WHAT YOU ARE ASKED TO DO
From the listing below, output the lines between the one with "SHITET APARTAMENT 3+1+2+" and the one with "Rented by Triplemint | media 10", including those two, and nothing else. Pictures are not copied.

PROVIDED ENTRIES
◆ ◆ ◆ ◆ ◆ ◆ ◆
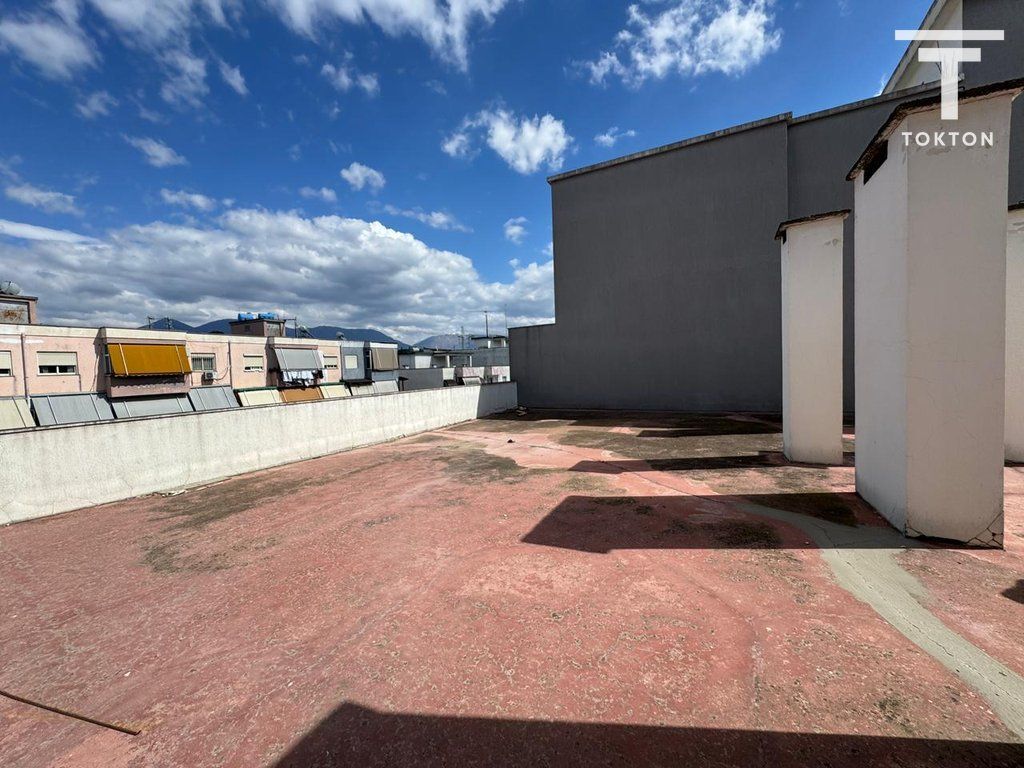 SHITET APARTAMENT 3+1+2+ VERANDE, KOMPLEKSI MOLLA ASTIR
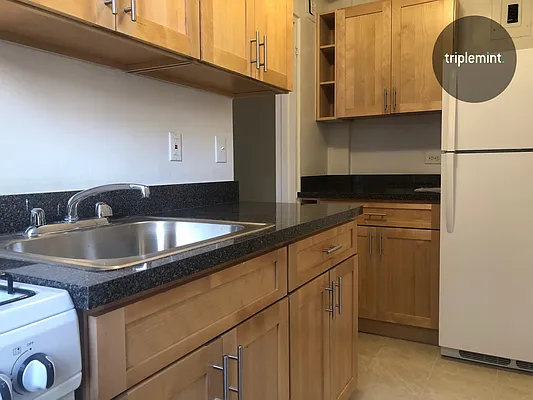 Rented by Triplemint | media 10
◆ ◆ ◆ ◆ ◆ ◆ ◆
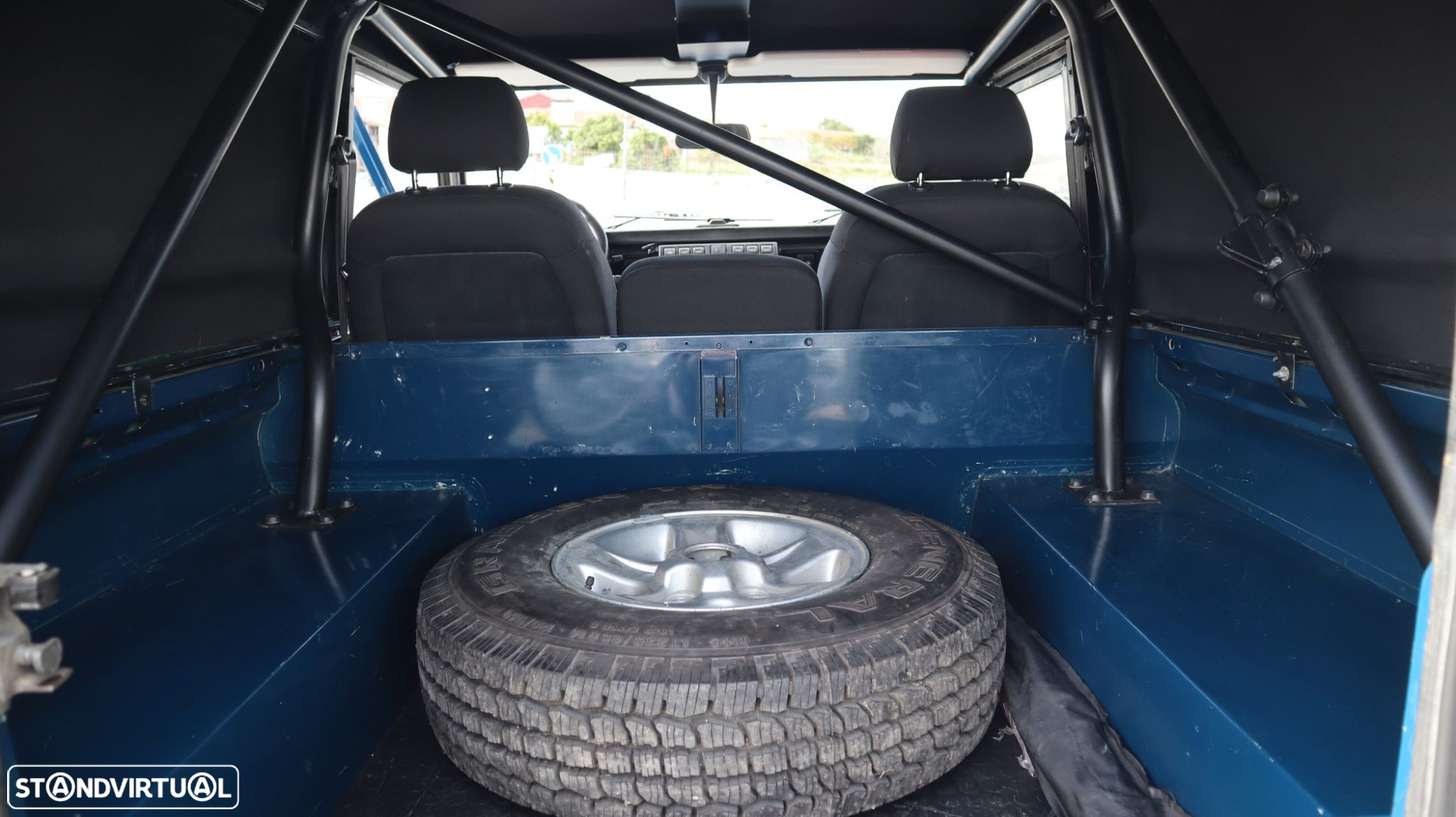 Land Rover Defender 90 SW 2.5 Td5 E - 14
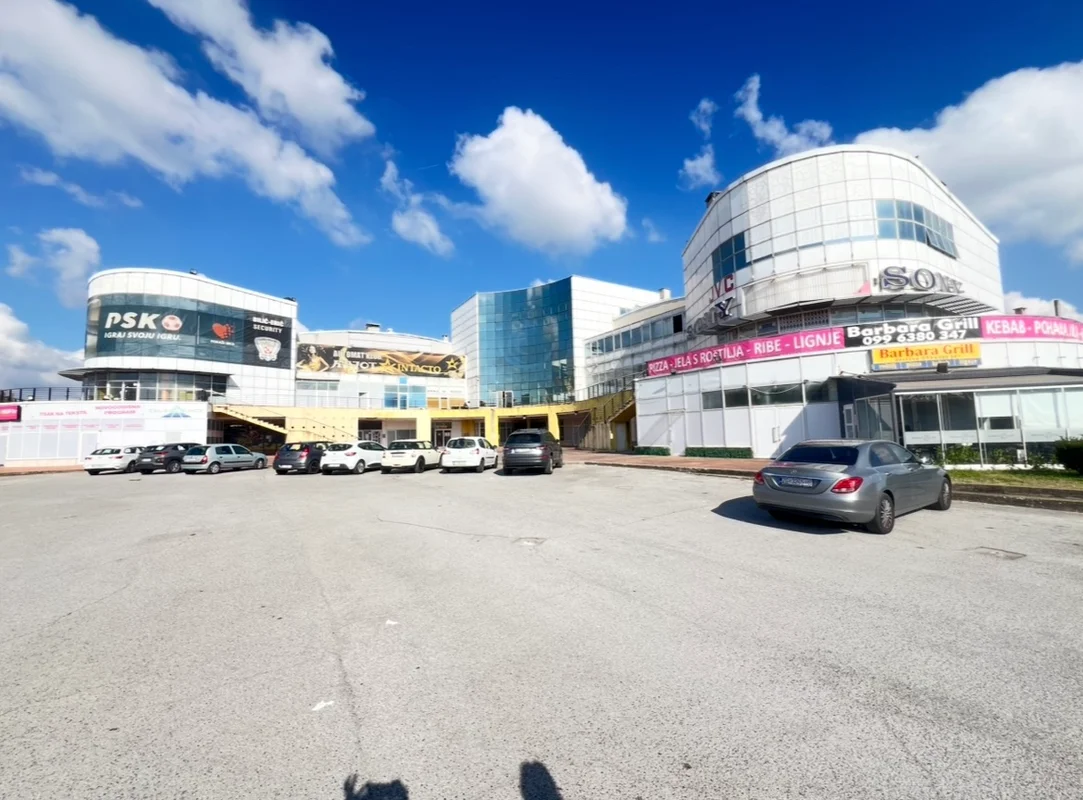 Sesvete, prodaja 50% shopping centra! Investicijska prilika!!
◆ ◆ ◆ ◆ ◆ ◆ ◆
COMPLETED EXERCISE
 SHITET APARTAMENT 3+1+2+ VERANDE, KOMPLEKSI MOLLA ASTIR
 Rented by Triplemint | media 10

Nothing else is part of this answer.